Markets are higher this morning as commodities gain. Bonds and MBS are down.
Home Prices rose 0.84% in October and are up 5.5% YOY, according to the Case-Shiller Home Price Index. Portland, San Francisco, and Denver led the charge. For those worrying about how the increase in the Fed Funds rate will affect mortgage rates, don’t worry about a 1-for-1 increase in mortgage rates as the Fed hikes rates. Note that in the 2004-2005 tightening cycle, the Fed Funds rate went from 1% to 5.25% while the average 30 year fixed rate mortgage went from 6% to 6.75%.
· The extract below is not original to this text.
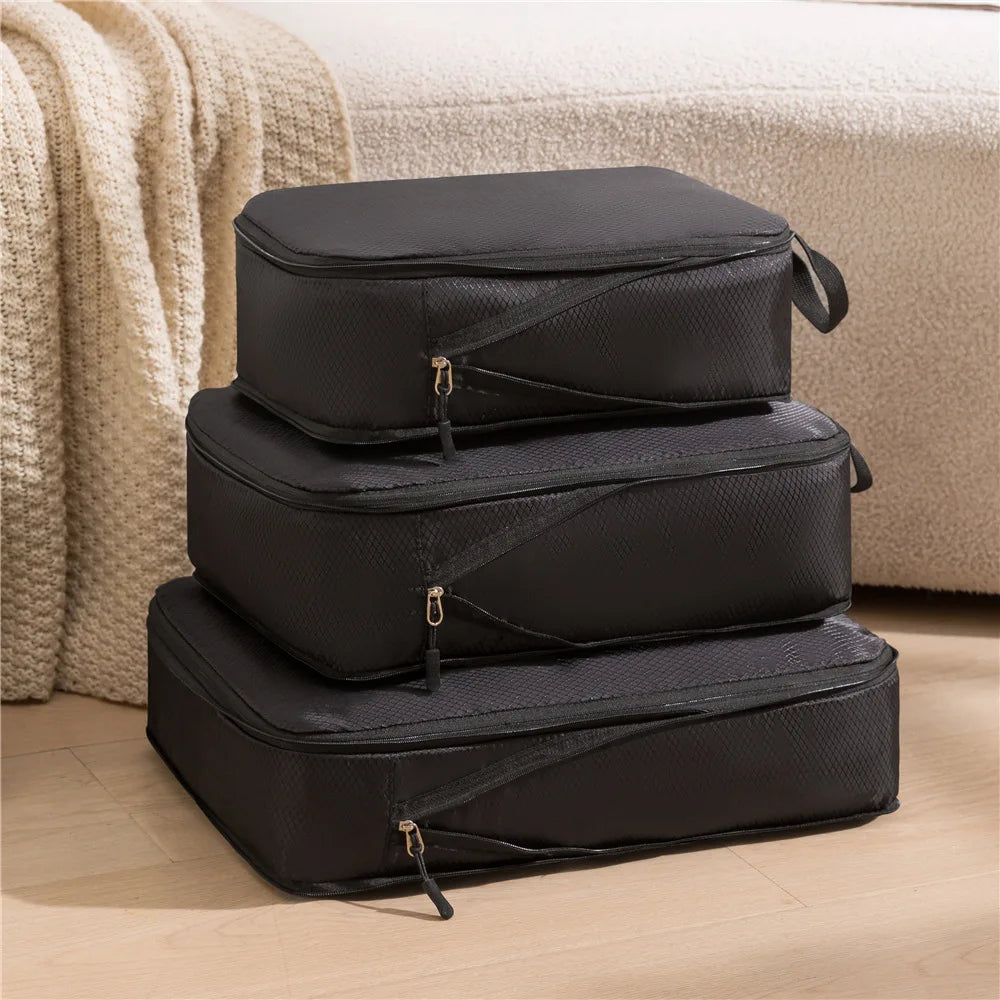 3Pcs/Set Travel Compressible Packing Multifunction Travel Storage Bag Waterproof Suitcase Nylon Portable Luggage Organizer Pink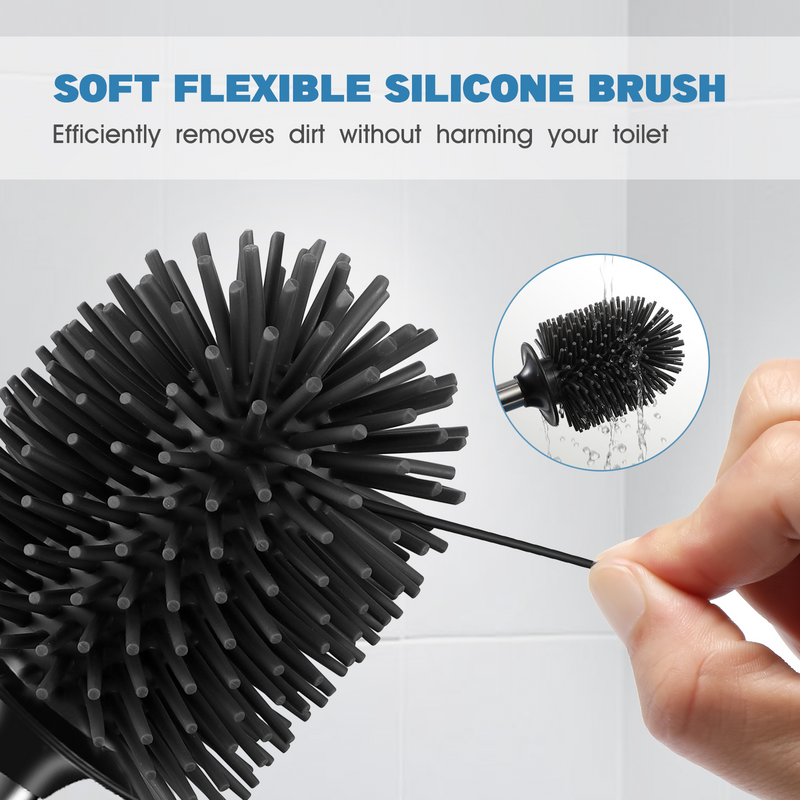 1 Pack Toilet Brush with Holder Stainless steel Toilet Brush with Silicone Bristles Ventilated Toilet Cleaning Brush for Home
One thing to keep in mind, however: ARMS that are pegged to shorter-term rates like LIBOR, Fed Funds or Prime will increase as the Fed hikes short term rates. Might be a good time to pitch a switch from an ARM to a 30 year fixed.
Ever since the bubble burst, homebuilders have largely focused on the luxury end of the market and the move-up buyer. Fun fact: the average size of a new home has increased by 150 square feet since 2008. Entry-level homebuyers had been priced out of the market. Now that is beginning to change, as builders are focusing on starter homes. High land prices remain an issue.
Consumer Confidence rose from 92.6 to 96.5 in December.
Retailers had a decent holiday shopping season, with sales between Black Friday and Christmas up almost 8%.
Average days to close a loan increased by 3 in November, according to Ellie Mae. Blame TRID. Average FICO slipped a point to 721.